Less sugar. All yogurts contain some natural sugars. Some yogurts can contain up to 20-25 grams of sugar for every 5 oz. Although some may come from natural lactose, most may be from added sweeteners. If you see sugar among the top four ingredients on the ingredient list, choose another. The lower the sugar and artificial sweeteners, the better.
Choose plain and sugar-free yogurt, either cast (Greek) or un-cast, recommends the HSPH.
Greek yogurt is made by straining regular yogurt further to remove liquid whey.
Is Strained (Greek) Yogurt or Uns strained Yogurt Better?
Texture. Greek yogurt is thick and creamy. It can withstand heat better than regular yogurt and you can use it in the kitchen to substitute creams and prepare Mediterranean-style sauces.
Proteins Greek yogurt has a higher protein content, due to its higher concentration.

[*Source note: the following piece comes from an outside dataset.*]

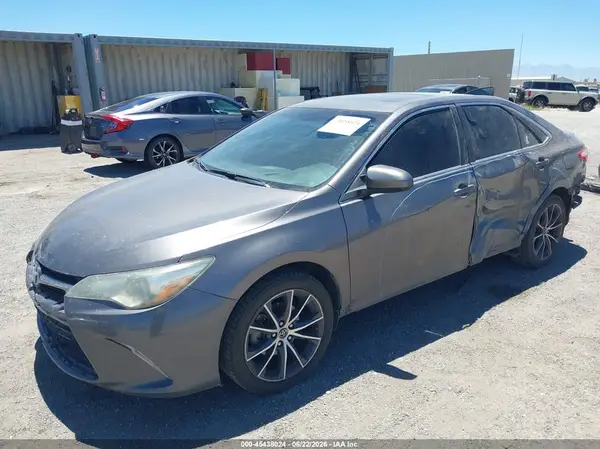 4T1BF1FK2GU528885 2016 TOYOTA CAMRY - Image 2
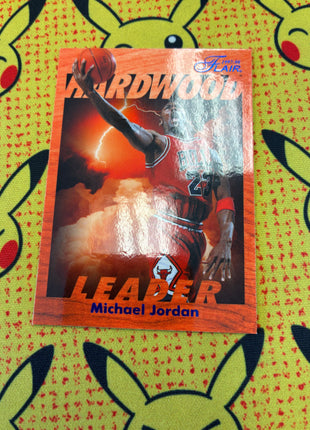 Michael Jordan #4 - 1997 Fleer Flair Hardwood Leaders Basketball NM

Calcium. During the casting process Greek yogurt removes some calcium. In some commercial Greek yogurts can add calcium again, but some don’t. If you consume yogurt as a source of calcium, check the label of nutritional information.
Grease. Low-fat yogurt is made with 2 percent milk. Nonfat yogurt is made with zero percent or skim milk.
To enjoy it with flavor
If you want a sweet dish, add fresh fruit and spices like cinnamon, nutmeg, or ginger. Enrich it even more with almonds, walnuts, or peanuts. With fruits and nuts you will not only give it greater flavor and texture, you add vitamins, minerals, fiber and antioxidants.
To use it in salty preparations add herbs and spices.
To take into account
Don’t trust that some snacks or foods that claim to be made with plain yogurt are very healthy. Yogurt powder is heat treated and heat kills beneficial bacteria. Yogurt toppings are made from sugar, oil, whey, and yogurt powder.